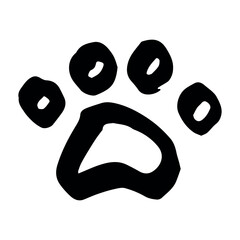 Hand drawn cute cat's paw Cat, dog, animal footprint in doodle style Single element for print, web, design, decor, greeting cards, children's prints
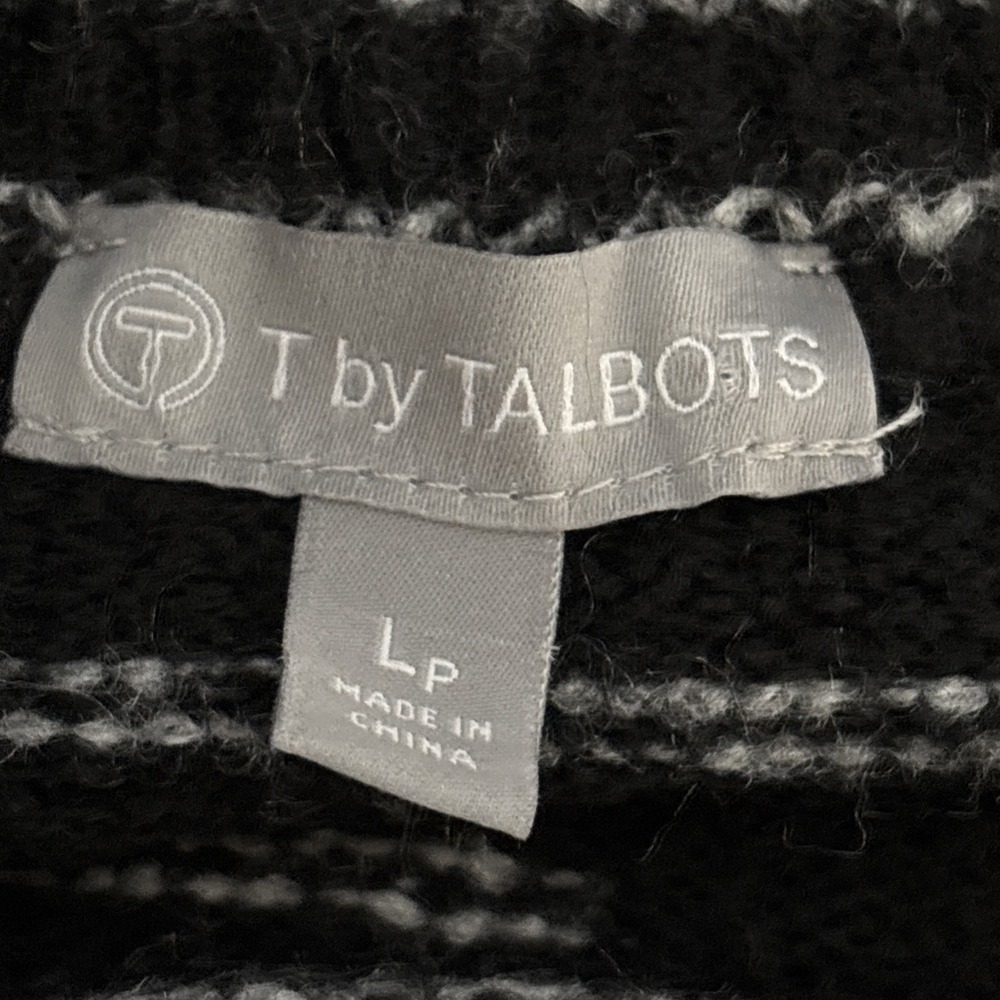 T by Talbots Women's‎ LP Mock Turtleneck Wool Blend Black White Striped Sweater - Picture 2 of 14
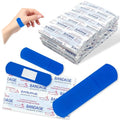 200 Pcs Blue Metal Detectable Bandages PE Waterproof Adhesive Bandage Bulk Sterile Pads Latex-Free for First Aid & Wound Care Rectangle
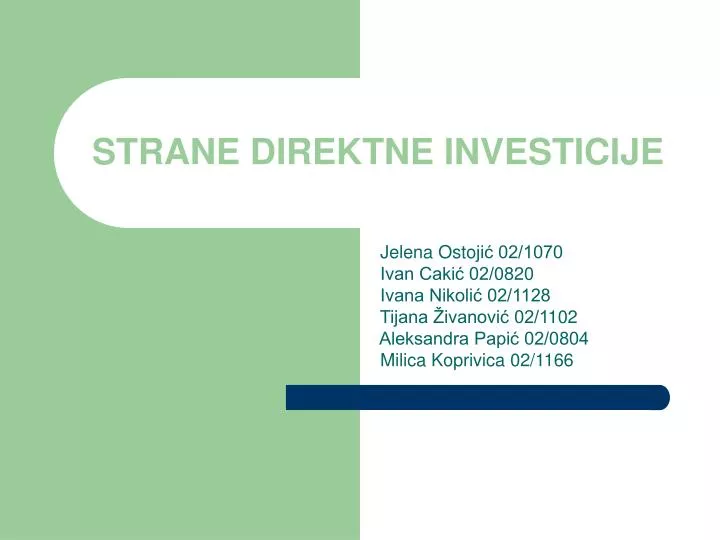 Ppt Strane Direktne Investicije Powerpoint Presentation Free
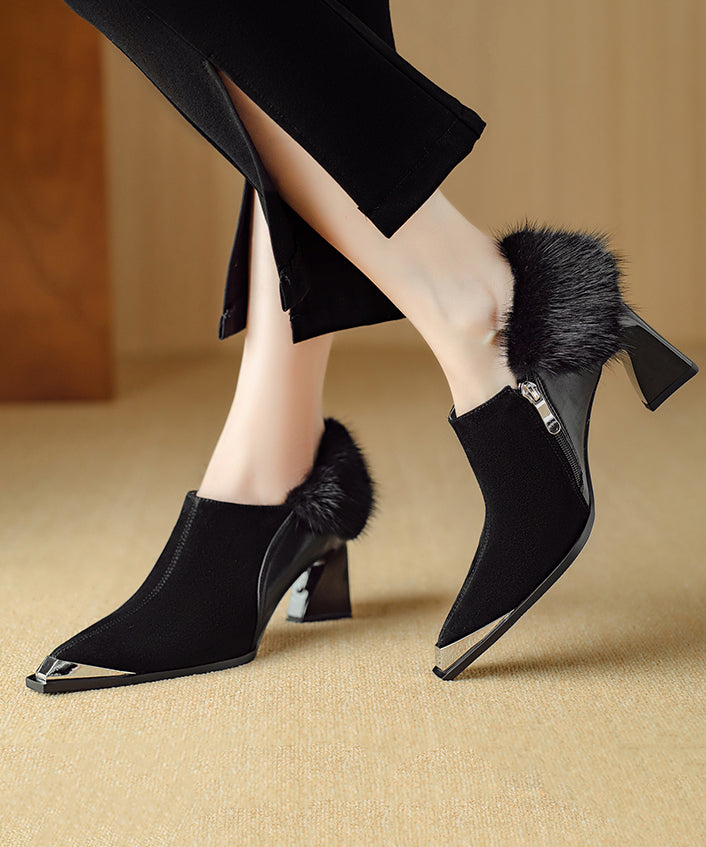 Brown High Heels Chunky Suede Splicing Fuzzy Fur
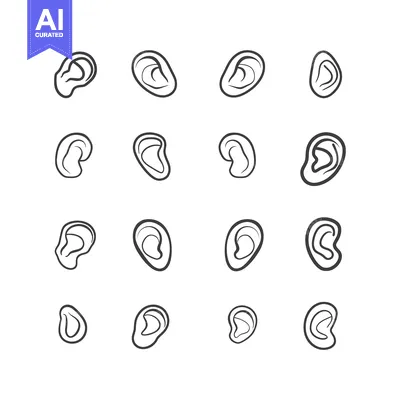 Popular premium asset: Sixteen Outline Drawings of Human Ears in Various Positions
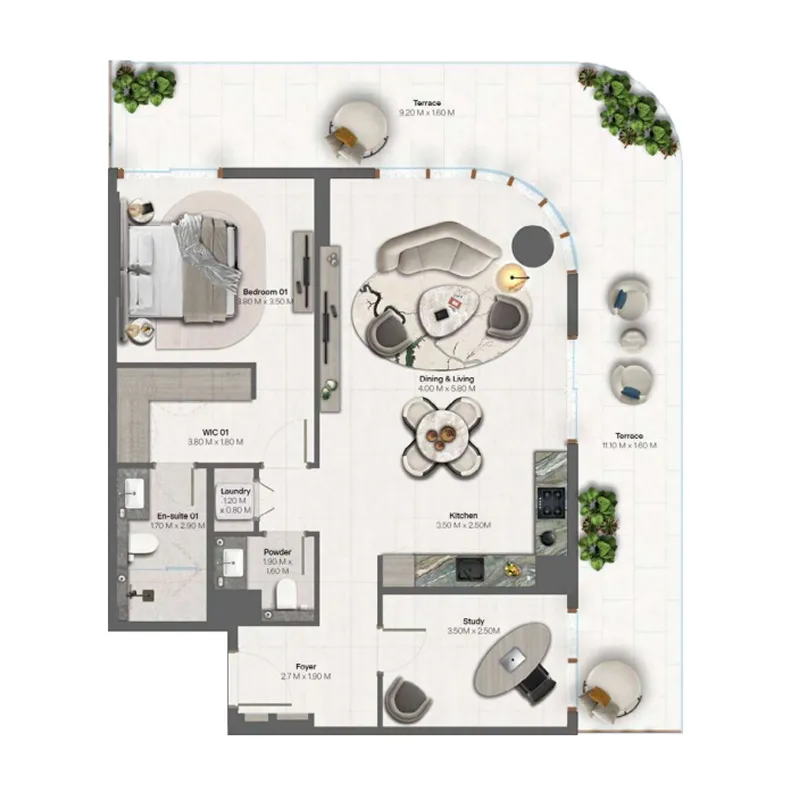 1 bedroom layout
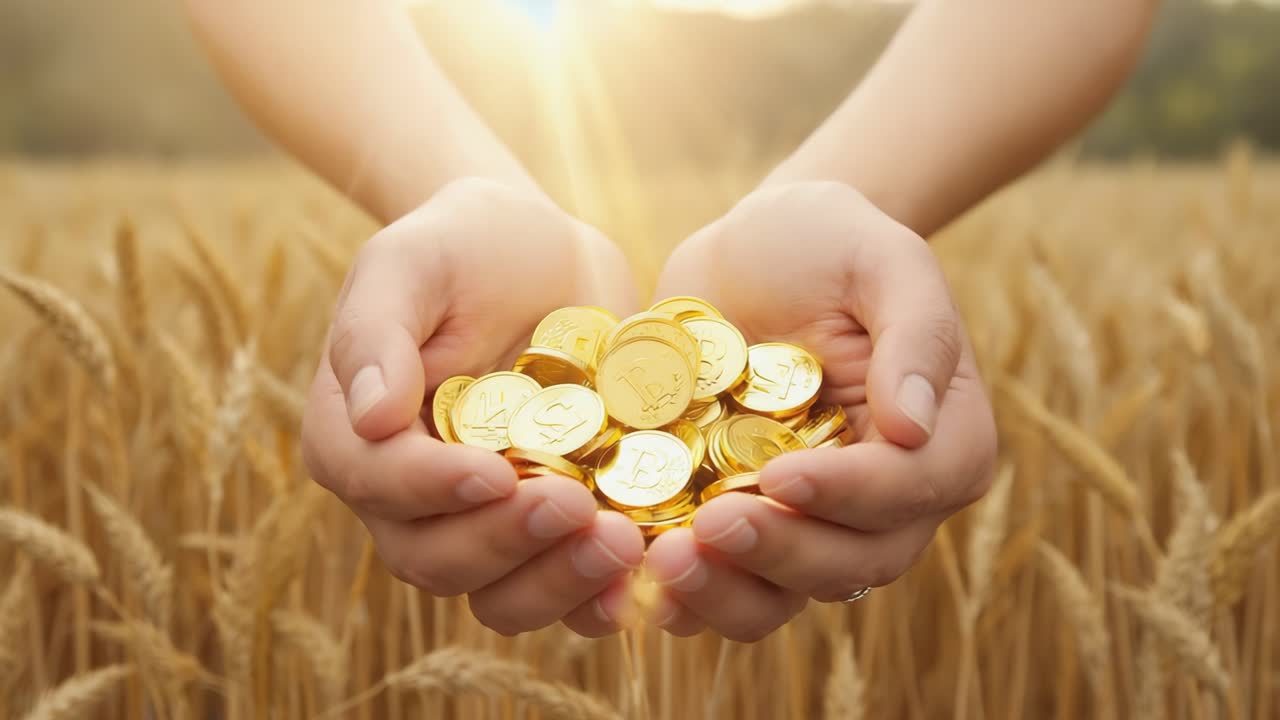 Hands holding gold coins in a wheat field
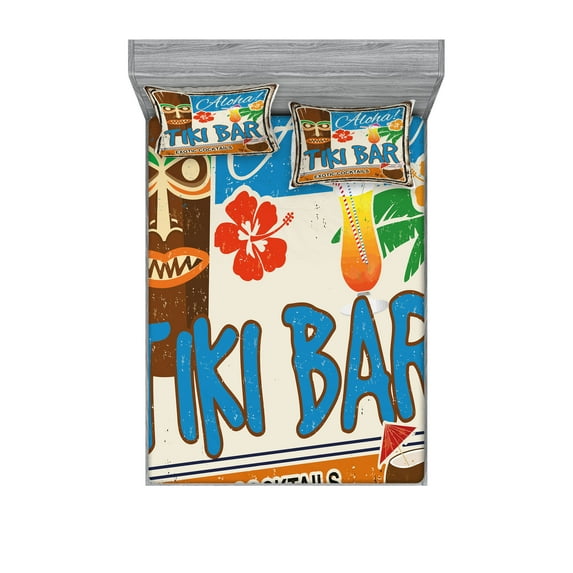 Ambesonne Tiki Bar Fitted Sheet & Pillow Sham Set, Vintage Sign, Queen, Multicolor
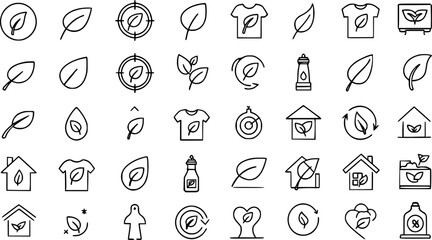 Fototapeta premium Collection of nature and organic leaf icons representing environmental sustainability, green energy, recycled products, and healthy lifestyle concepts, perfect for modern design projects 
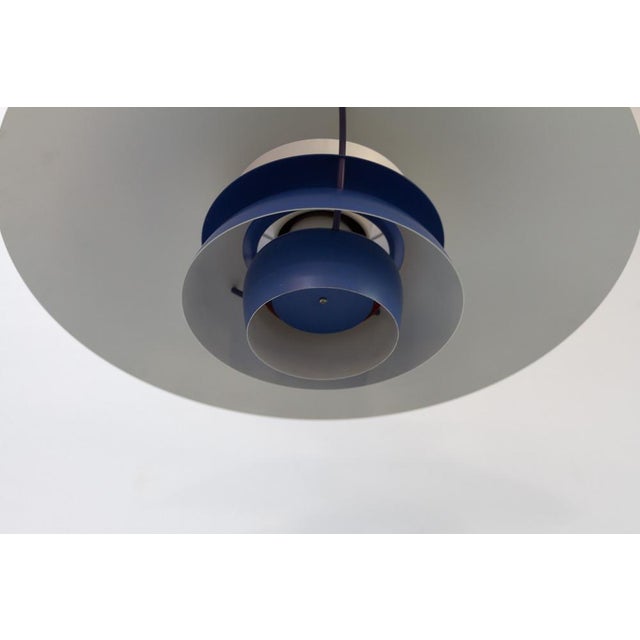 Metal Vintage Danish Blue Ceiling Pendant PH5 by Poul Henningsen for Louis Poulsen, 1960s For Sale - Image 7 of 18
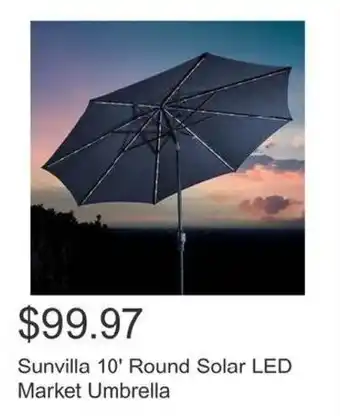 Costco Sunvilla 10' Round Solar LED Market Umbrella offer
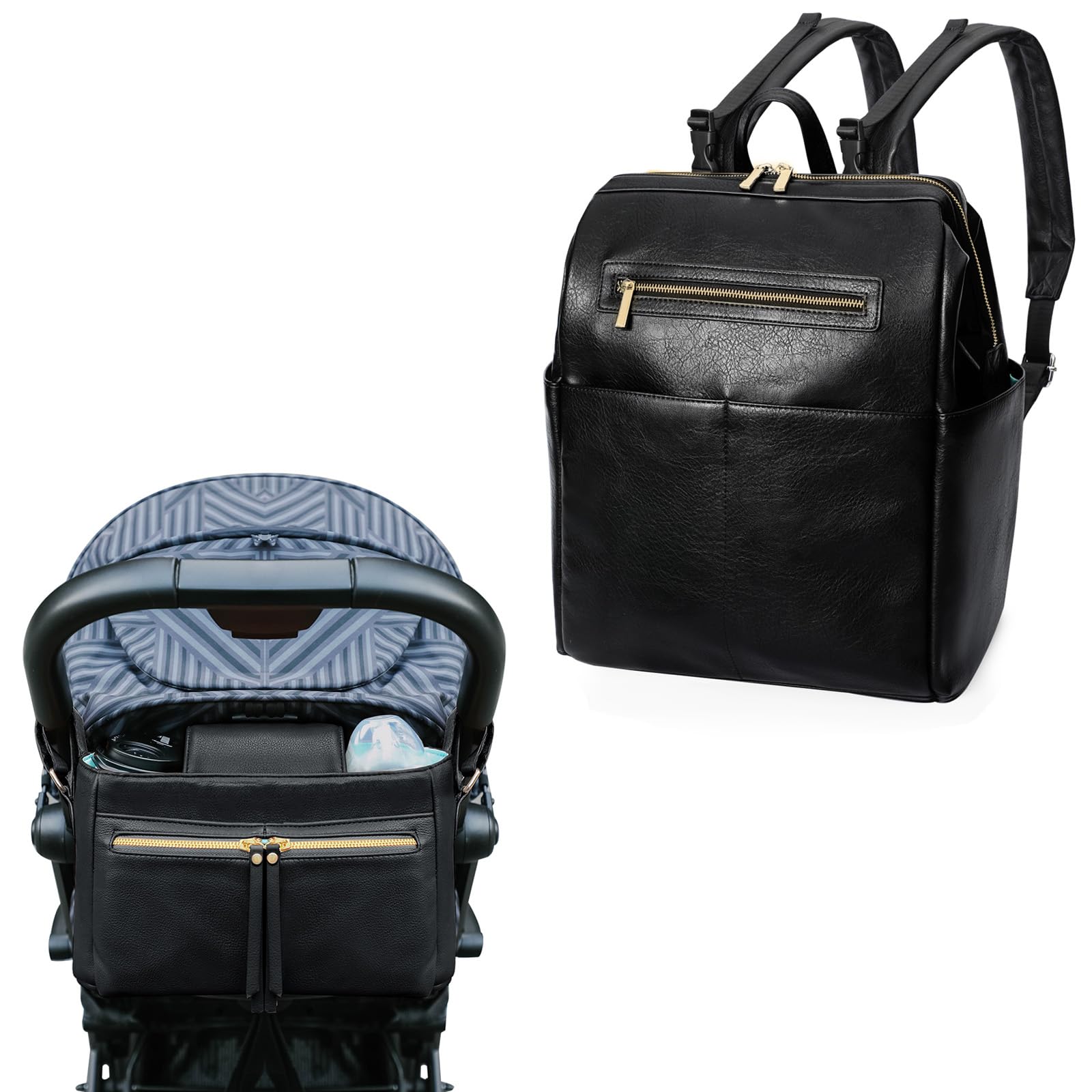 Diaper Bag Backpack, Stroller Organizer with Insulated Cup Holder Mominside Leather Travel Baby Bag for Mom Dad Fits 15 Inches Laptop, Baby Registry Search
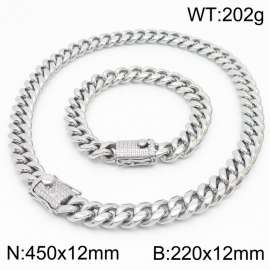 Stainless steel 220 × 12mm&450 × 12mm Cuban Chain Simple Diamond Buckle Classic Fashion Silver Jewelry Set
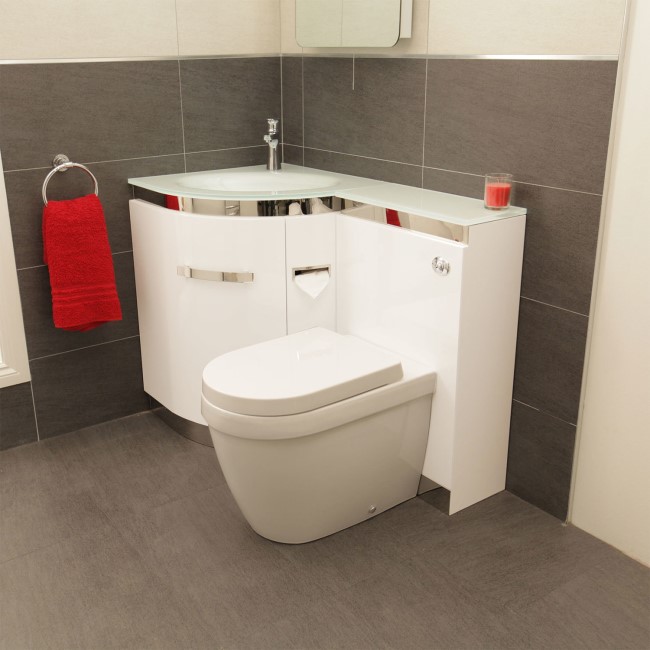 Left Hand Corner Combination Unit with Aurora Toilet & White Basin - Vigo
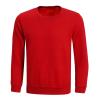 Men's Solid Color Round Neck Sweater Simple and Versatile Long-Sleeved Pullover T-Shirt Thickened Plus Velvet Top (Red,4X-Small) view 1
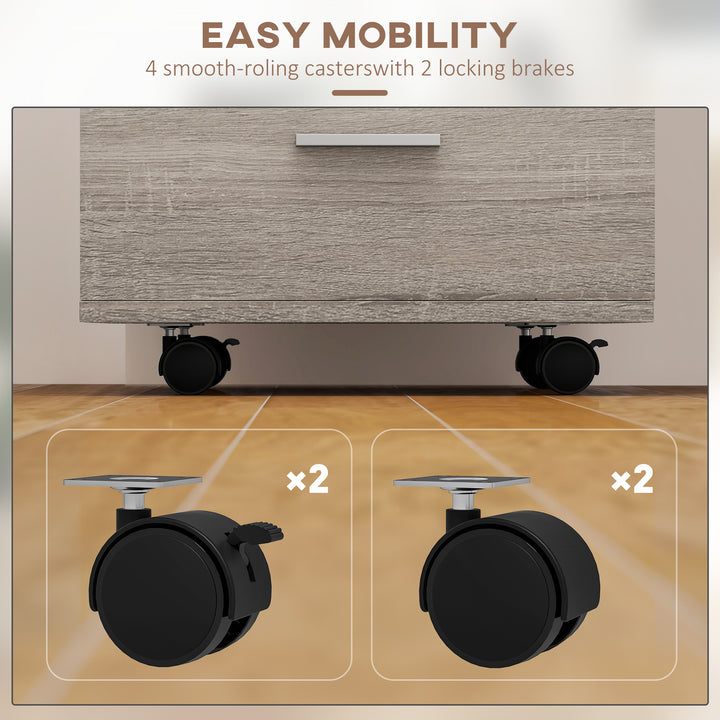 Vinsetto Mobile Filing Cabinet with Wheels, 3 Drawer File Cabinet with Lock and Keys for Home Office, White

○ ○ ○

Exercise requirements: Exact copy, no pictures: reproduce every entry shown above.

Response:
 Hand drawn cute cat's paw Cat, dog, animal footprint in doodle style Single element for print, web, design, decor, greeting cards, children's prints
 T by Talbots Women's‎ LP Mock Turtleneck Wool Blend Black White Striped Sweater - Picture 2 of 14
 200 Pcs Blue Metal Detectable Bandages PE Waterproof Adhesive Bandage Bulk Sterile Pads Latex-Free for First Aid & Wound Care Rectangle
 Ppt Strane Direktne Investicije Powerpoint Presentation Free
 Brown High Heels Chunky Suede Splicing Fuzzy Fur
 Popular premium asset: Sixteen Outline Drawings of Human Ears in Various Positions
 1 bedroom layout
 Hands holding gold coins in a wheat field
 Ambesonne Tiki Bar Fitted Sheet & Pillow Sham Set, Vintage Sign, Queen, Multicolor
 Fototapeta premium Collection of nature and organic leaf icons representing environmental sustainability, green energy, recycled products, and healthy lifestyle concepts, perfect for modern design projects 
 Metal Vintage Danish Blue Ceiling Pendant PH5 by Poul Henningsen for Louis Poulsen, 1960s For Sale - Image 7 of 18
 Costco Sunvilla 10' Round Solar LED Market Umbrella offer
 Diaper Bag Backpack, Stroller Organizer with Insulated Cup Holder Mominside Leather Travel Baby Bag for Mom Dad Fits 15 Inches Laptop, Baby Registry Search
 Stainless steel 220 × 12mm&450 × 12mm Cuban Chain Simple Diamond Buckle Classic Fashion Silver Jewelry Set
 Left Hand Corner Combination Unit with Aurora Toilet & White Basin - Vigo
 Men's Solid Color Round Neck Sweater Simple and Versatile Long-Sleeved Pullover T-Shirt Thickened Plus Velvet Top (Red,4X-Small) view 1
 Vinsetto Mobile Filing Cabinet with Wheels, 3 Drawer File Cabinet with Lock and Keys for Home Office, White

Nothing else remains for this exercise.